In the lead up to today’s commemoration service, Norman Bonney, a director of the National Secular Society, argued that the Cenotaph was created as a secular memorial and should be treated as such.
But the Church’s director of communications, Rev Arun Arora has hit back at Bonney’s proposal. He said: “It is both misjudged and misguided for the National Secular Society to attempt to politicise Remembrance Sunday for their own ends.”
In a further swipe at the group he added: “To see the National Secular Society – and its barely 10,000 members – hijack this time of solemn remembrance is rather sad.“
The Cenotaph, inaugurated in 1919, was designed by Edwin Lutyens, who, according to Bonney, championed secular commemoration because the war dead were from many different nations and religions.
In his paper, “The Cenotaph: A contested and consensual symbol of remembrance”, Bonney argues that “the continuing ritual dominance of that religion, in its Church of England form” is wrong in today’s society.
A secular ceremony “would provide a more appropriate and inclusive annual commemorative ritual for the all the people of the UK state and the Commonwealth at a monument designed to encompass the remembrance of all the dead of war whatever their religion or beliefs or nationality,” he wrote.

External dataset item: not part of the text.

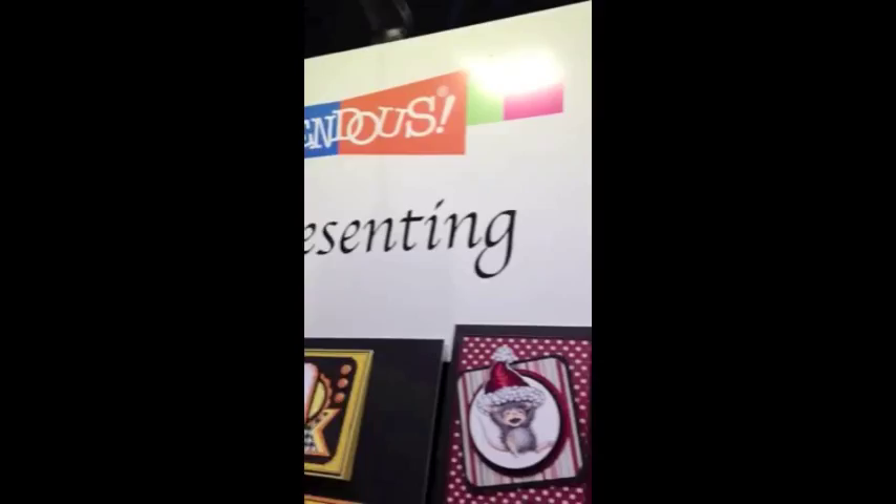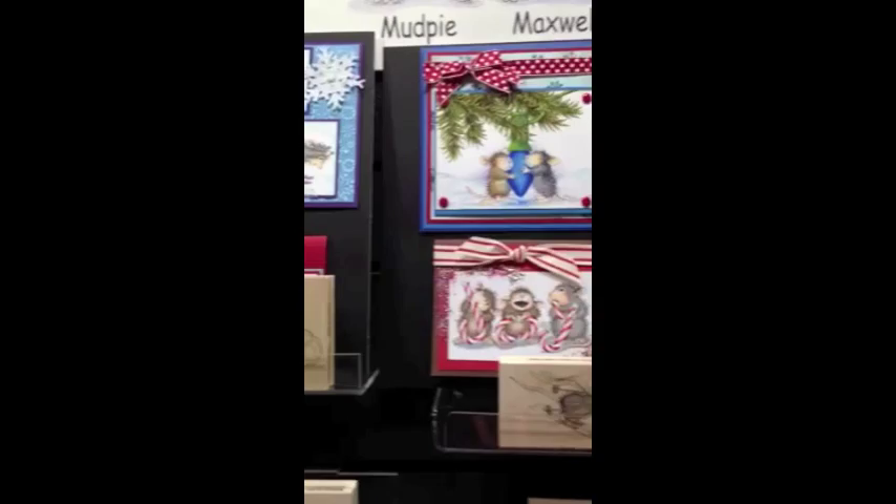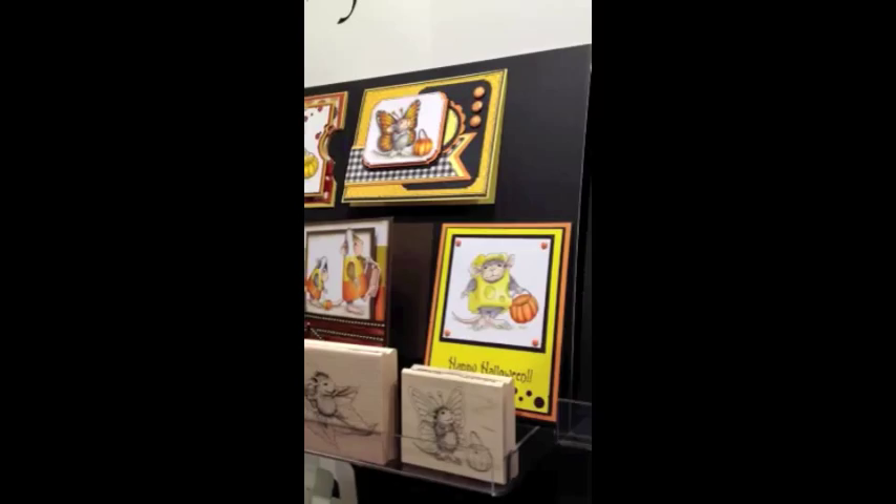Stampendus is excited to now have the House Mouse designs as rubber stamps. You can see beautiful wood mounted stamps and display boards full of color. We've got Christmas and winter and fall designs, and in addition to wood mounted, there are also the packaged cling rubber stamps as well.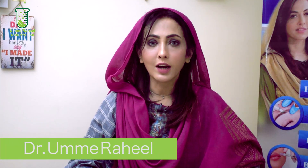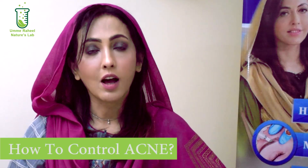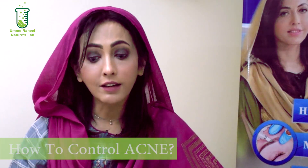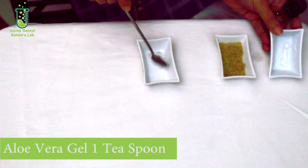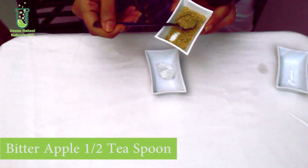Asalaam alaikum, you are watching Umay Rahir Nature's Lab. Today's topic is how to control acne — it's very easy. Sabse pehle leena hai aloe vera gel — one teaspoon fresh aloe vera gel. Isme mix karna hai bitter apple powder (bitter apple colocynth) — half teaspoon. Mix well.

The archdeacon of the army, the Venerable Peter Eagles, has disputed Bonney’s claims however. “The Remembrance Sunday Service at the Cenotaph has always contained prayers and readings from scripture, and the fact that it continues to be so central a part of our public life would suggest that it is meeting people's pastoral needs,” he said.
TV historian Dan Snow, a regular face on the BBC, has also waged in on the argument, in support of secularism. “For big national occasions that are supposed to embody a national moment, it is wrong for them to be dominated by one faith that has an increasingly minority following,” he said.
Over 10,000 armed forces veterans, cadets and civilians marched past Whitehall’s Cenotaph today to remember to pay tribute to those who have died in conflicts since the First World War.
Following the wreath-laying by members of the royal family, politicians, veterans and military leaders, the Bishop of London the Right Reverend Richard Chartres conducted a short service.